▸ **Task goal**
Copy every line of the records below where the word "Water" occurs.
----- Given entries
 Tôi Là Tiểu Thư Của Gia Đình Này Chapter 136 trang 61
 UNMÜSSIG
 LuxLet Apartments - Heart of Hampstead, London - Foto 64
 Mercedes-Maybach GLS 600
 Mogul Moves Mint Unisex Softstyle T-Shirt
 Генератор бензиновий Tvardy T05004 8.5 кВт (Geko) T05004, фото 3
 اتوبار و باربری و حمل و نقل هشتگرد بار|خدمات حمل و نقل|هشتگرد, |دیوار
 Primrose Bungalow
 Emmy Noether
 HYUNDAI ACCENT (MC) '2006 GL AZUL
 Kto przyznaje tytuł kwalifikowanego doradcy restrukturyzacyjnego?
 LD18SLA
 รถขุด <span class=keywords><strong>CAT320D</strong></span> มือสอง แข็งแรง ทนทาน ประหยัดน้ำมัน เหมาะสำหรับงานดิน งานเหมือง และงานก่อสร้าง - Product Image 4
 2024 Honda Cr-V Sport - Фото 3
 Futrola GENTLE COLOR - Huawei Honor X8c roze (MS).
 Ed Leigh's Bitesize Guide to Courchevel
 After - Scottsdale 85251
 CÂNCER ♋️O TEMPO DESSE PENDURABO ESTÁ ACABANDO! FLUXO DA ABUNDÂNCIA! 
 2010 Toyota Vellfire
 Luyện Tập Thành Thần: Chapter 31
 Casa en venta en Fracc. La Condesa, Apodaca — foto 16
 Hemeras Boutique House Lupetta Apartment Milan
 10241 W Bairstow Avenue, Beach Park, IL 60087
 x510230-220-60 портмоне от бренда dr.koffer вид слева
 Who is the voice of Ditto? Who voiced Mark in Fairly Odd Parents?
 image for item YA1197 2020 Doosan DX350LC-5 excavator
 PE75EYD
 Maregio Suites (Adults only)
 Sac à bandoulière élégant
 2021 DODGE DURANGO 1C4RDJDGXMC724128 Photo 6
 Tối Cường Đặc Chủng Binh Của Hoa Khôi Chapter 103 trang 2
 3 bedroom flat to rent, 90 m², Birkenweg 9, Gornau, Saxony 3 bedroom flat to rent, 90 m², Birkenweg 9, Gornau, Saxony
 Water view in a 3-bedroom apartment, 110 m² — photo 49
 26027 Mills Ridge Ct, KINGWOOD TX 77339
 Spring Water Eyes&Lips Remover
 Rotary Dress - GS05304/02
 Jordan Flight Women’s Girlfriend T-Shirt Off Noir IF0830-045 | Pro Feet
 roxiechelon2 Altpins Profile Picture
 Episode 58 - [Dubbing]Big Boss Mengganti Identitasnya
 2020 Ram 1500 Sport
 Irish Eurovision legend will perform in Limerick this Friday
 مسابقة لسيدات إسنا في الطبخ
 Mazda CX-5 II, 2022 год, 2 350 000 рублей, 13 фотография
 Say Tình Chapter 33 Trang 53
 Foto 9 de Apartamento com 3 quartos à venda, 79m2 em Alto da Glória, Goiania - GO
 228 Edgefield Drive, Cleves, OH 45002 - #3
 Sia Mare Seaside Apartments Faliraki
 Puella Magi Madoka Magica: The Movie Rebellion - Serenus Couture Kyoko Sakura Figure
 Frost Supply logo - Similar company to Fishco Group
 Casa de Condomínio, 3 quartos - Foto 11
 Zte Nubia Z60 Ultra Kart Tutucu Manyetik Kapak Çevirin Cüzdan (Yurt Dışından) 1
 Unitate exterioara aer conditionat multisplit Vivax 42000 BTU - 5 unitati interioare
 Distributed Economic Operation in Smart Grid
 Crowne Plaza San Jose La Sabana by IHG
----------
▸ **Finished task**
 Water view in a 3-bedroom apartment, 110 m² — photo 49
 Spring Water Eyes&Lips Remover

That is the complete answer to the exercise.